Copy out exactly the lines from the one containing "2018 Daihatsu Move" to the last line of the records below, both included, and leave out any pictures.

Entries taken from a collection
[Start of Attachment]
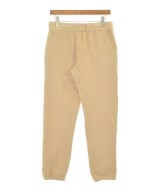 BAREFOOT DREAMS（ベアフットドリームス）その他 ベージュ サイズ:S レディース/2200631162599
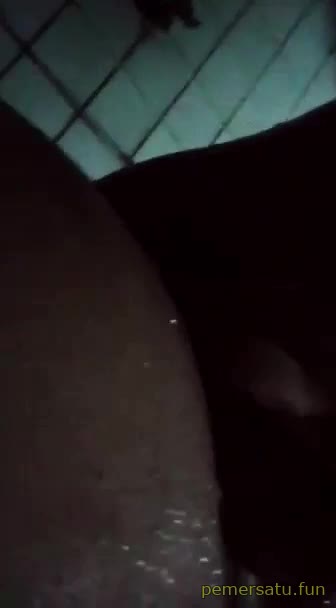 P22 Camille Golifardo 18yo Mulus Sange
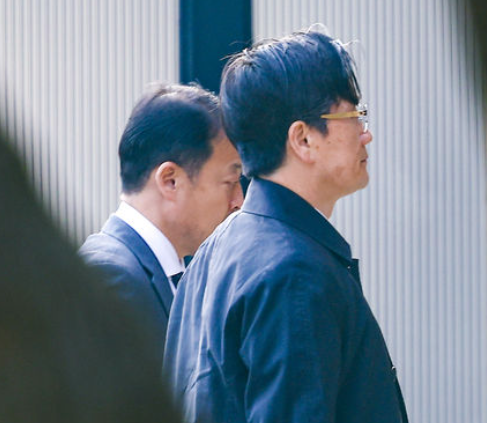 <b>공수처 지휘부</b>까지 <b>기소</b>…채상병 순직 사건 수사, 어디까지 왔나?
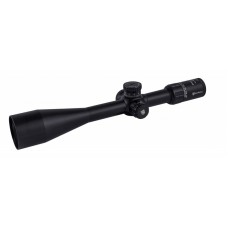 Прицел Nikko Stirling DIAMOND 10-40X56LR, сетка Skeleton HMD модель NDSI104056LRHMD от Nikko Stirling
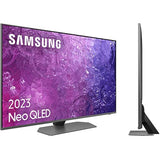 Smart TV Samsung 50 Neo QLED UHD 4K 50QN90C - 127cm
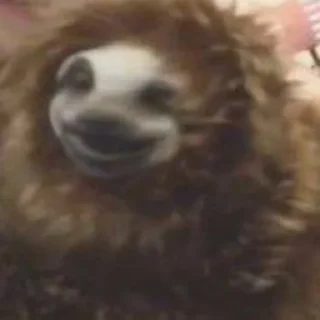 ☠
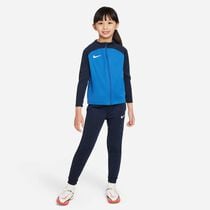 Nike Dri-FIT Academy Pro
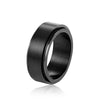 Black Size 6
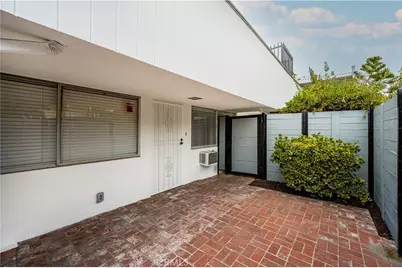 12408 Archwood, North Hollywood, CA 91606 - Photo 29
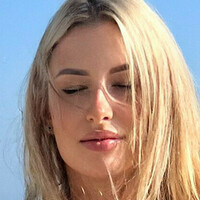 joliexxx1 Nua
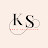 KS Styles - Comedy Shorts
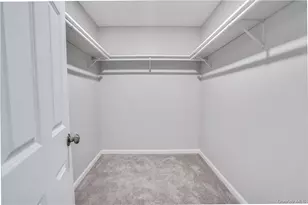 Lot 1 Hillside Lake Rd, Wappingers Falls, NY 12590 - Photo 11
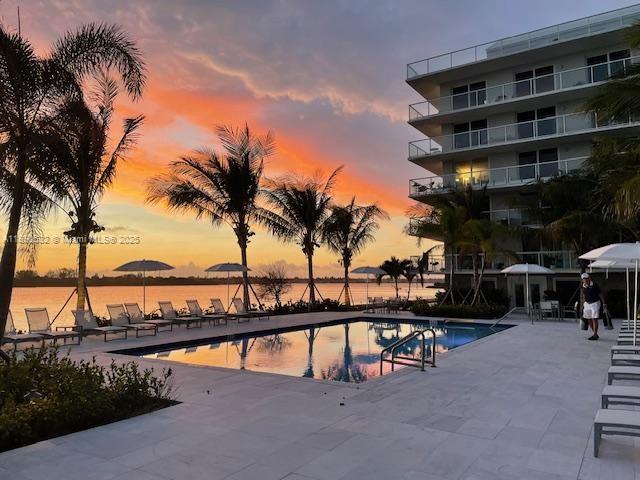 2560 S Ocean Blvd # 312, Palm Beach FL 33480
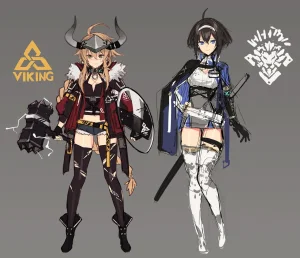 西格瑪 SIGMA99 Σ99 Plurk Twitter Pixiv uncensored - Page 413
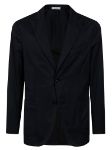 Picture of Boglioli | Suit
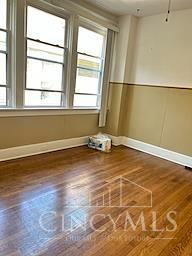 3129 Durrell Avenue Property Photo 14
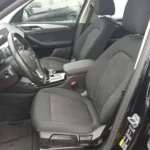 BMW X3 - imagine 9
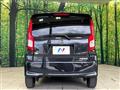 2018 Daihatsu Move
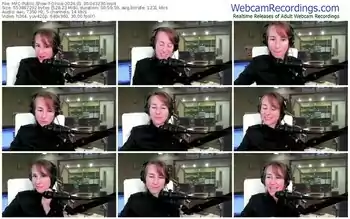 myfreecams-olivia-01-30-2024-04-32-30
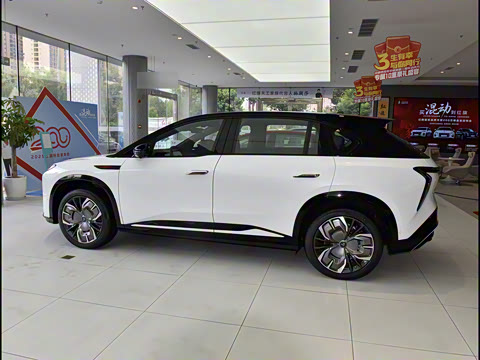 2025�� 565�����ȷ��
[End of Attachment]
ANSWER SECTION
 2018 Daihatsu Move
 myfreecams-olivia-01-30-2024-04-32-30
 2025�� 565�����ȷ��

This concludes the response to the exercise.